Simply getting a Certificate of Incorporation is not enough. Companies Act, 2013 lists various provisions that need to be complied with once Certificate of Incorporation is received by a Private Limited Company. Companies Act, 2013 has increased the number of compliances which a private limited company needs to perform mandatorily post incorporation.
Appointment of first auditor: The first compliance a company needs to do is appoint its first auditor as per Section 139(6) of Companies Act, 2013. The appointment is to be made by the Board of directors within 30 days of registration of the company. If they fail to do so, they shall inform the members of the company and they will make the appointment in an Extraordinary General Meeting (EGM) within the next 90 days. The first auditor shall hold office till the end of the 1st Annual General Meeting (AGM).
Disclosure of interest of directors: This was a new provision introduced by Companies Act, 2013. As per Section 184(1) of the Act, every director, whether new or existing, is required to disclose his interest to the company. The director shall disclose such information in his first Board meeting, first Board meeting of every financial year and in the next meeting whenever there is a change in any director’s disclosure. The company then needs to tell these interests to the registrar in form MGT14.

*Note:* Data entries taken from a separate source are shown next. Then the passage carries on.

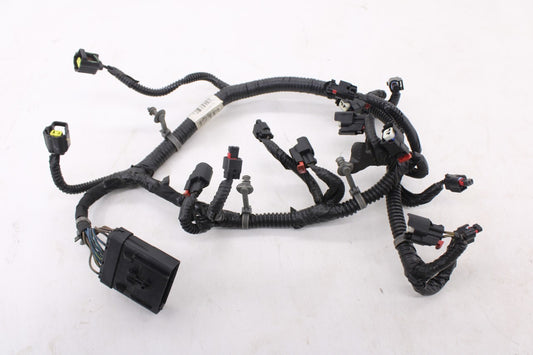14-21 Jeep Cherokee 3.2L Engine Fuel Injector Wire Harness 5148037AJ OEM *ReaD* - Alshned Auto Parts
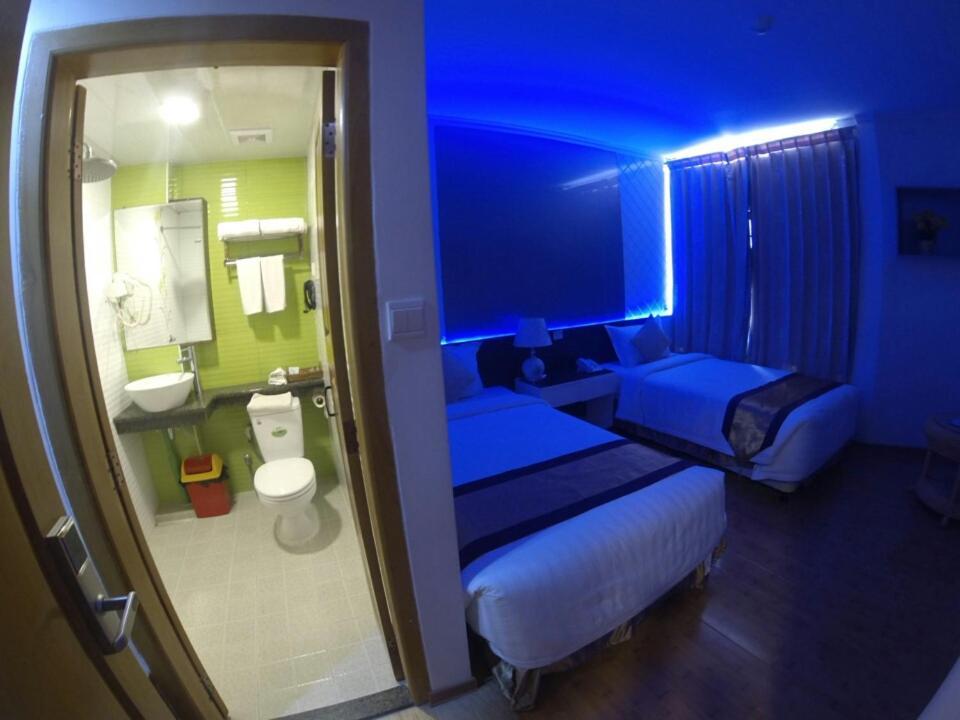 Hotel My World Mandalay Exterior foto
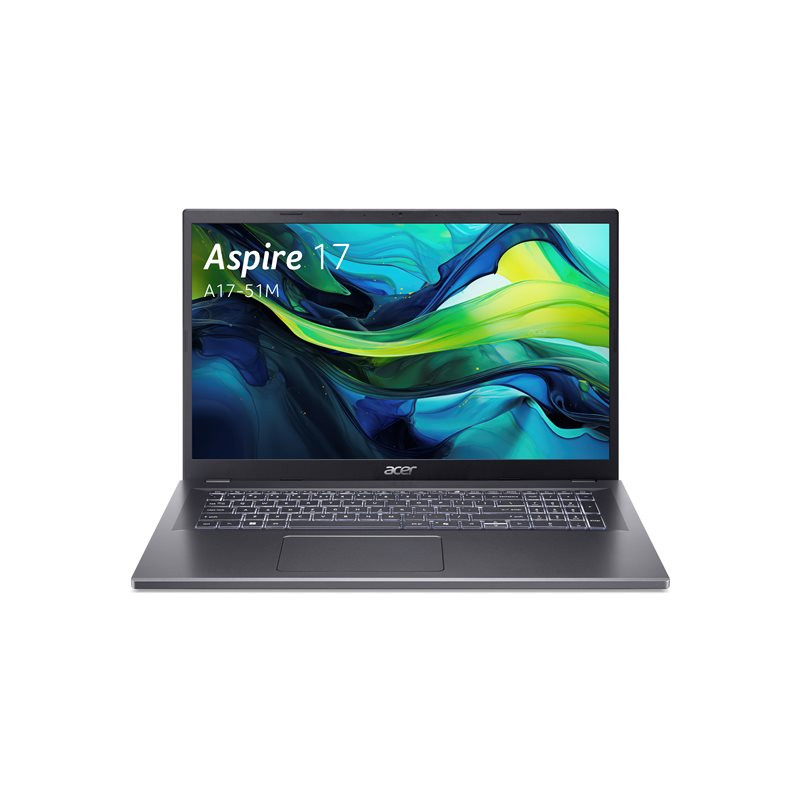 Intel Core i5 - i5-1334U - jusqu'à 4.6 GHz - Win 11 Home - Carte graphique Intel Iris Xe - 16 Go ... (NX.KZVEF.002)_1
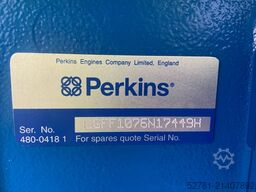 FG Wilson P275-5 - 275 kVA Open Genset - DPX-16014-O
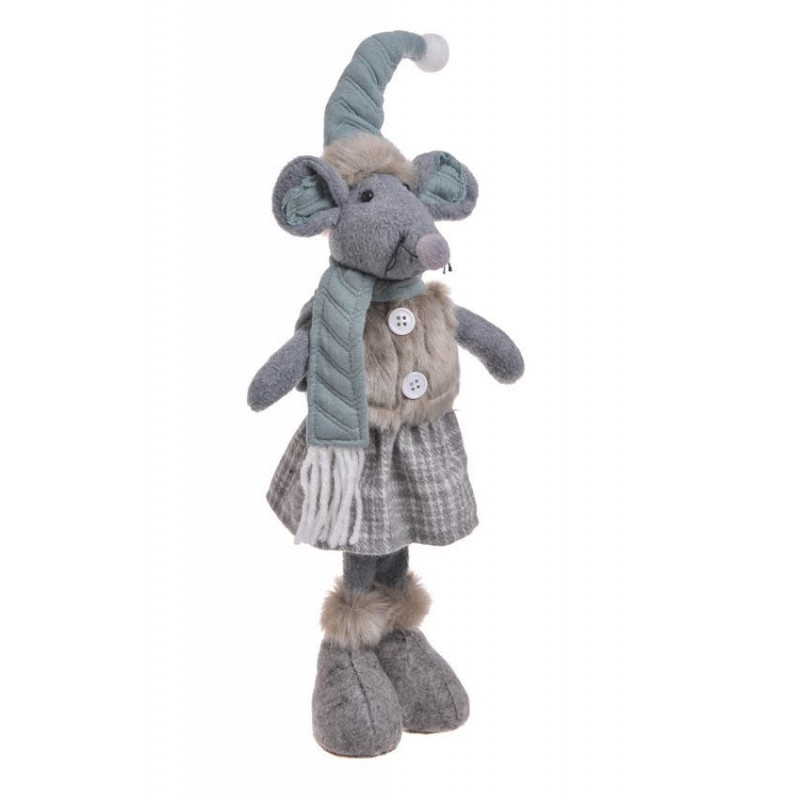 Mysz stojąca..45cm - art. dekoracyjny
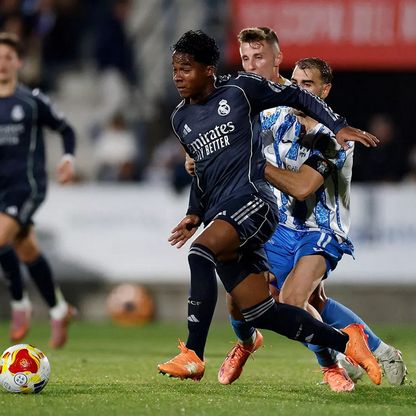 هل يعرقل راتب إندريك إعارته إلى ليون من ريال مدريد؟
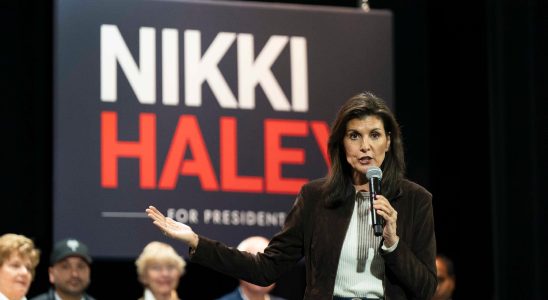 one setback too many for Nikki Haley in Nevada –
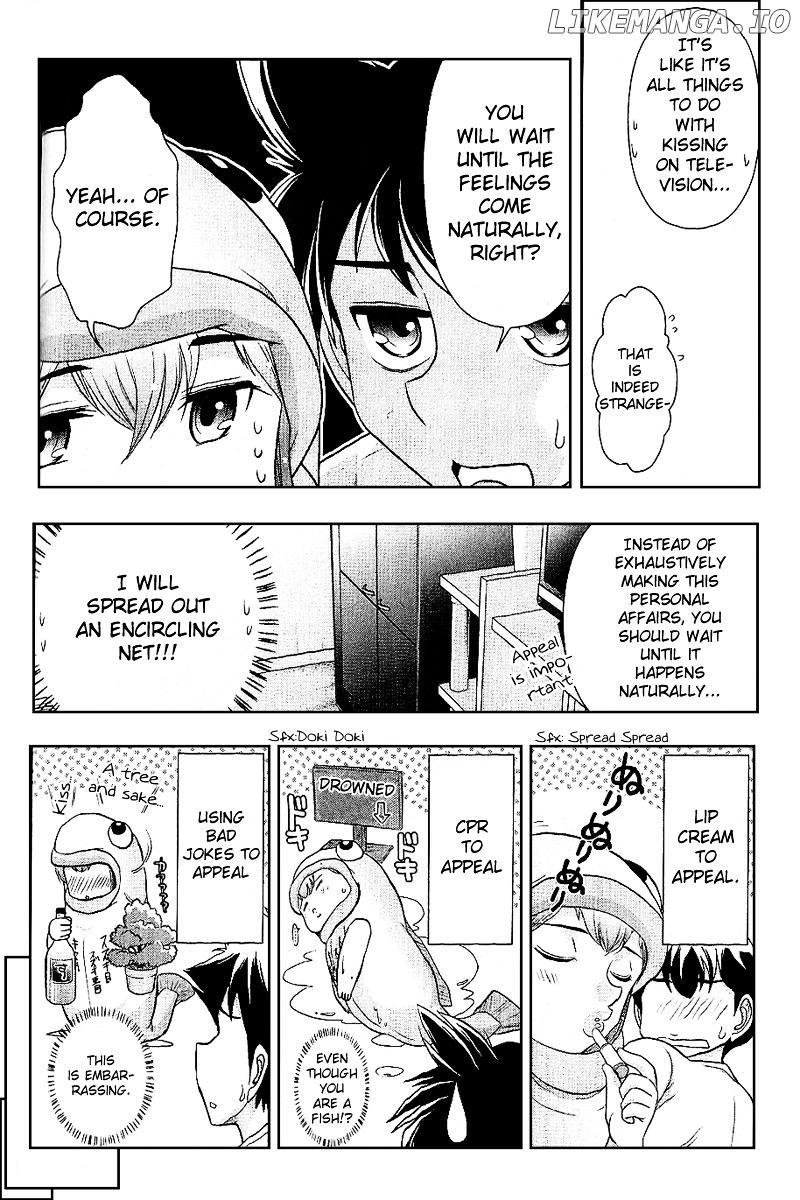 Mission! School chapter 8 - page 19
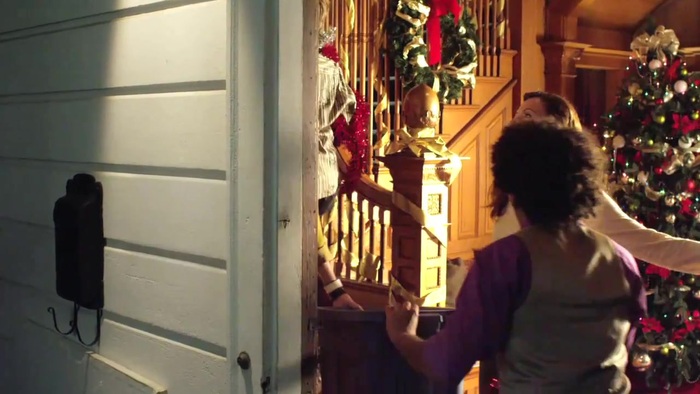 Debby Ryan - Deck the Halls Music Video (Santa Paws)  [HD 720p] 146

Set up company’s registered office: As per Section 12 of the Act, a company needs to set up its registered office within 15 days of its date of incorporation. It also needs to inform the registrar about the registered office in form INC22 within 30 days of date of incorporation. If the provision is not complied with then the company needs to pay fine in form of additional fees.
Allotment of shares to MOA (Memorandum of Association) subscribers: Post incorporation a company needs to allot shares and share certificates to all the subscribers of MOA within 2 months of date of incorporation as per Section 56(4)(a) of the Act. To comply with this provision a company needs to open a bank account first.